Il est urgent que s’opère à l’occasion du synode une prise de conscience de tous ces éléments au sein des communautés catholiques dont un « bon nombre » selon l’I.L. sont marquées par des « lacunes graves » dans « l’éducation à une foi adulte ». D’où certaines pistes sur lesquelles les pères synodaux réfléchiront comme :

– des précisions concernant le ministère de catéchèse et de prédication dans l’Eglise

– le rôle-pivot des paroisses dans la mission locale et communautaire de transmission de la foi,

– la qualification des ressources apostoliques des multiples groupes de « nouveaux évangélisateurs », mais aussi leur bonne articulation et intégration à la vie des Eglises locales, et plus largement « la relation entre charisme et institution, dons charismatiques et hiérarchiques »

– la reconnaissance de l’importance irremplaçable de la mission évangélisatrice des époux, tant vis-à-vis de leur environnement social que vis-à-vis de leurs propres enfants

– l’importance du témoignage personnel de baptisés qui rendent compte explicitement de leur foi, et qui « pour être crédibles (…) parlent le langage de leur temps, en annonçant de l’intérieur les raisons de l’espérance qui les anime »

– l’accompagnement des baptisés dans la pratique missionnaire dans le contexte culturel et sécularisé contemporain : comment témoigner ?
– comment faire du contexte contemporain une source d’opportunités missionnaires ? comment se ressourcer pour évangéliser ? …

4) Raviver l’action pastorale

Sur la base du travail de renouveau spirituel qu’implique la nouvelle évangélisation — renouveau largement abordé dans les trois premiers chapitres de l’Instrumentum Laboris — le dernier chapitre insiste sur l’importance de ‘raviver’ l’action pastorale de l’Eglise : le fait, non pas d’abord de faire des choses nouvelles (comme une sorte de modernisme ou de jeunisme pour être à la mode ou dans le bain), mais de renouveler de l’intérieur, de redonner souffle, vigueur, fraîcheur, ferveur, enthousiasme… à la pastorale de l’Eglise.

Le plus souvent, ce n’est pas d’abord le « faire » qui distingue une communauté chrétienne déclinante d’une autre en pleine croissance, celle en pleine dynamique apostolique de celle qui gère les affaires courantes : c’est avant tout l’énergie et la fraîcheur vivifiante d’une communauté et de ses pasteurs qui croient en la Parole du Christ – « Je suis avec vous jusqu’à la fin du monde » et « je vous enverrai le Paraclet » -, qui voient de leur yeux « l’Esprit Saint agir avec puissance » et « chaque jour s’adjoignaient à la communauté ceux qui étaient sauvés ». C’est pourquoi l’I.L. insiste en son dernier chapitre sur les fondamentaux de l’action pastorale, et l’état d’esprit qui doit la guider : « pour évangéliser, l’Église n’a pas besoin seulement de renouveler ses stratégies, mais plutôt d’accroître la qualité de son témoignage ; le problème de l’évangélisation n’est pas d’abord une question d’organisation ou de stratégie, mais plutôt spirituelle ».
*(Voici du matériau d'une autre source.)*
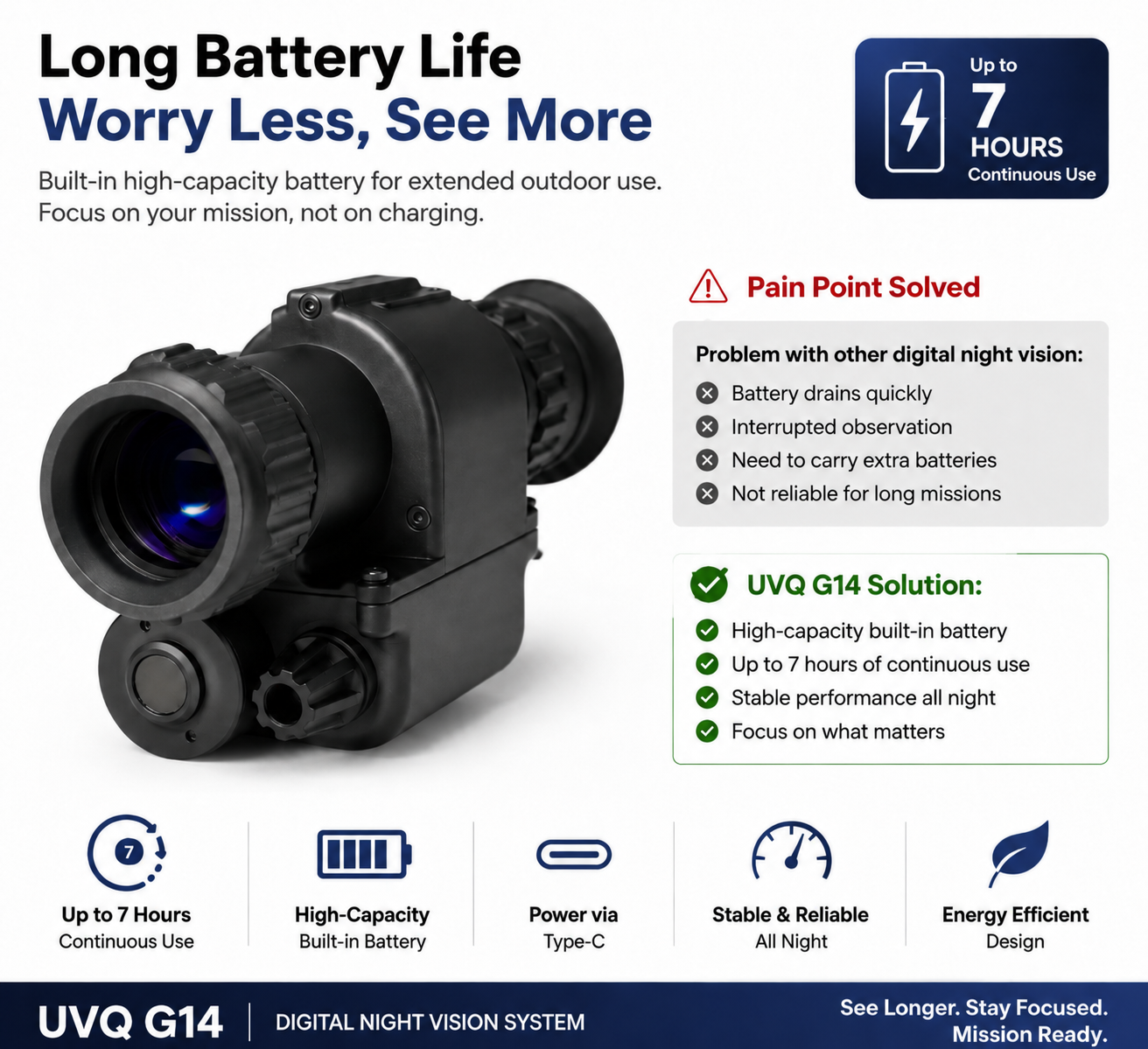 uvq-g14-7-hour-battery-life.png UVQ G14 digital night vision monocular with up to 7 hours battery life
La première insistance de ce dernier chapitre réside dans la « pastorale baptismale qui doit être assumée comme un des lieux prioritaires de la nouvelle évangélisation », autant durant les périodes pré-baptismales que post-baptismales avec des parcours, des cheminements, des accompagnements particuliers très bénéfiques.

La seconde insistance est celle qui concerne l’adoption par les paroisses d’un style et d’ambitions plus missionnaires, en développant une pastorale de la « première annonce » en « sachant susciter l’attention » et l’intérêt « des adultes en interprétant leurs questions et leur soif de bonheur », en « assumant sans crainte une attitude apologétique » « une proposition explicite », « une proclamation » du kérygme « avec l’objectif spécifique de la conversion ». C’est pourquoi l’I.L. insiste sur l’importance de « beaucoup sensibiliser les communautés paroissiales à une action missionnaire urgente » et à cette première annonce, à mobiliser les pasteurs dans un ministère de prédication renouvelé et centré sur le Christ.

*

Nous espérons que ces quelques lignes vous auront donné davantage le désir de vous plonger durant cet été dans l’Instrumentum Laboris, ou tout au moins de (re)découvrir trois textes fondamentaux sur la nouvelle évangélisation : Evangelii Nuntiandi, de Paul VI, Redemptoris Missio et Novo Millennio Ineunte, de Jean-Paul II. Chacun aura à cœur de prier pour les pères synodaux et leurs travaux pour toute l’Eglise.